[[ Input data open ]]
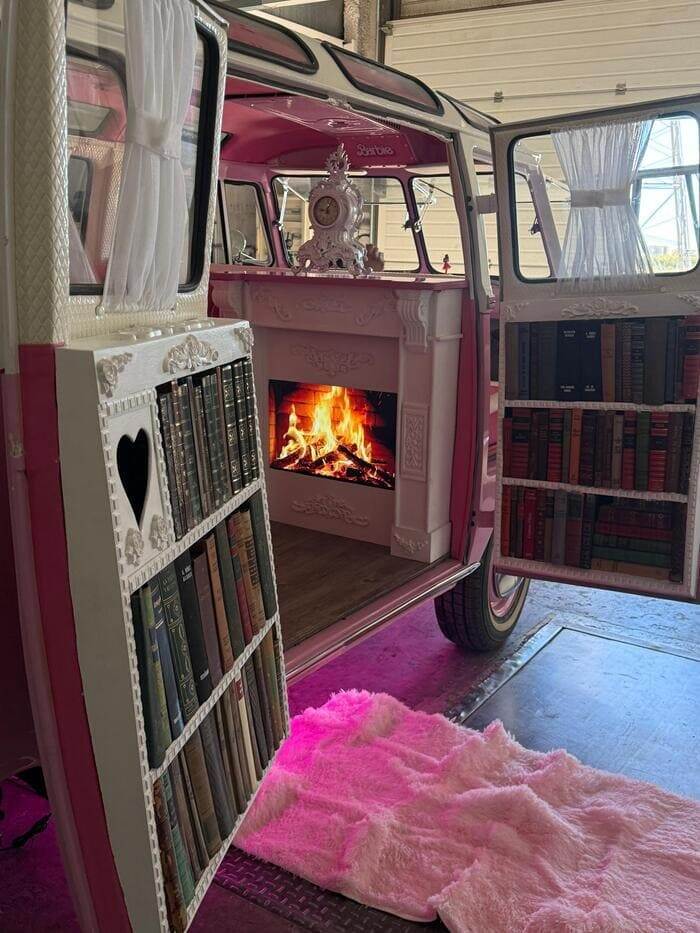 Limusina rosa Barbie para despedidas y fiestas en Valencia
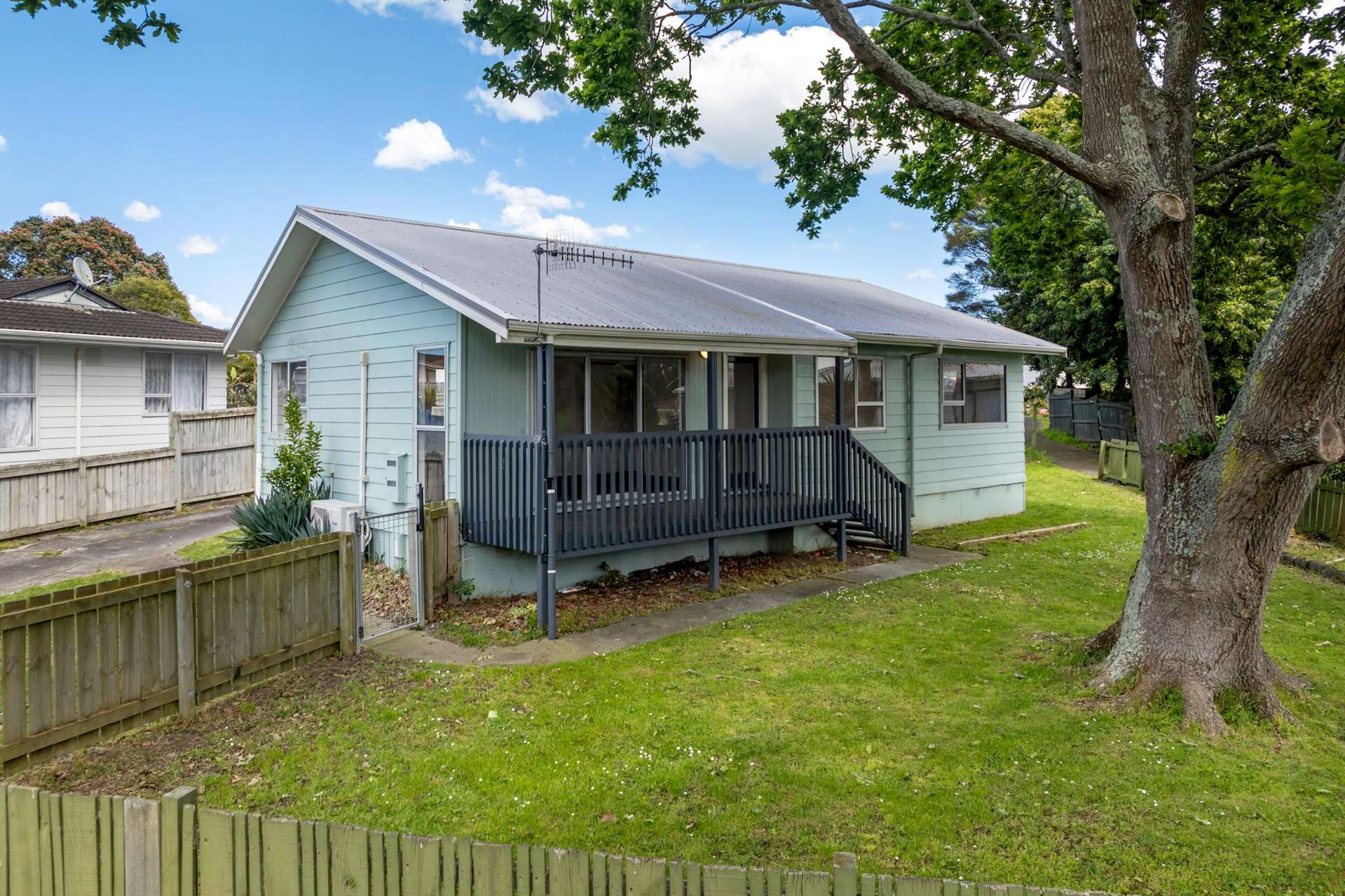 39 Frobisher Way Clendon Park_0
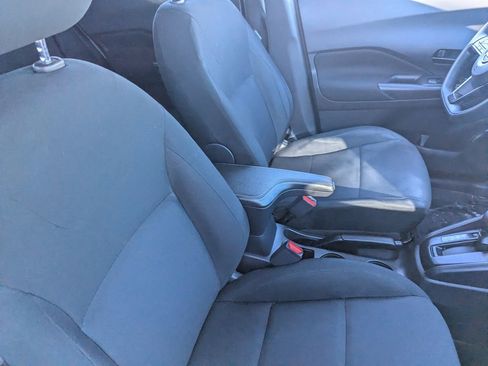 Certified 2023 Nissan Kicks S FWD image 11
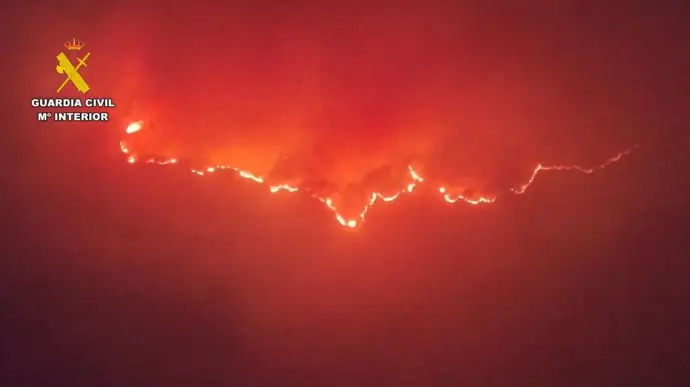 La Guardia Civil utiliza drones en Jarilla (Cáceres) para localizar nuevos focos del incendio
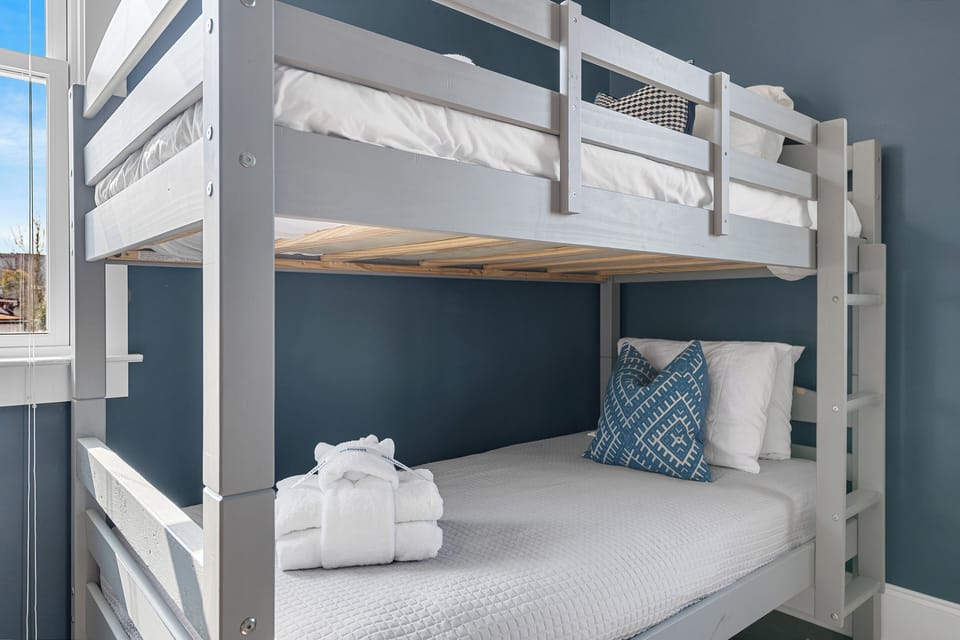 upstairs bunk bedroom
[[ Input data closed ]]
Action item: Before handing back the copy, remove the pictures; otherwise print the data exactly.

Response area:
 Limusina rosa Barbie para despedidas y fiestas en Valencia
 39 Frobisher Way Clendon Park_0
 Certified 2023 Nissan Kicks S FWD image 11
 La Guardia Civil utiliza drones en Jarilla (Cáceres) para localizar nuevos focos del incendio
 upstairs bunk bedroom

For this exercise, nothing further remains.